We used oleic acid to create lung injury because the resulting physiologic derangements mimic those of ALI in critically ill patients with interstitial edema, hemorrhagic and neutrophilic infiltration as well as air space edema and fibrin deposition resulting in impaired gas exchange (increase in ventilation/perfusion mismatching, intrapulmonary shunt, and dead space ventilation) [18].

Some of the results have previously been reported as an abstract [19].

Materials and methods

The study conformed to the regulations of the Australian Code of Practice for the care and use of animals for scientific purposes and was approved by the Animal Ethics Committee of the University of Western Australia.

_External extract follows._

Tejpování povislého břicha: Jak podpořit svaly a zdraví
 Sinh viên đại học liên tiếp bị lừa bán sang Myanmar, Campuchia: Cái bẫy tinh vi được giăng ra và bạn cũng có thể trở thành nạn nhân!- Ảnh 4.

Preparation of animals, anesthesia and ventilation

Nine male pigs (Large White breed) with a mean (SD) animal weight of 48 (6) kg were included in this study. Following an intramuscular sedation (tiletamine, zolazepam, and xylazine) anesthesia was maintained with propofol, morphine, and ketamine as previously described [10]. Neuromuscular blocking agents were not administered.

The pigs were mechanically ventilated (Evita2Dura, Draeger, Lübeck, Germany) via a size 8 endotracheal tube using the following settings: volume control (IPPV), FiO2 0.6, inspiration to expiration ratio = 1:1.5, inspiratory flow 40 L/minute, tidal volume 8 ml/kg with the initial respiratory rate adjusted to maintain an end tidal CO2 tension of 35 to 45 mmHg. With the exception of PEEP, the ventilation settings were not changed during the entire protocol. The initial PEEP setting was 5 cmH2O and was altered according to the experimental protocol.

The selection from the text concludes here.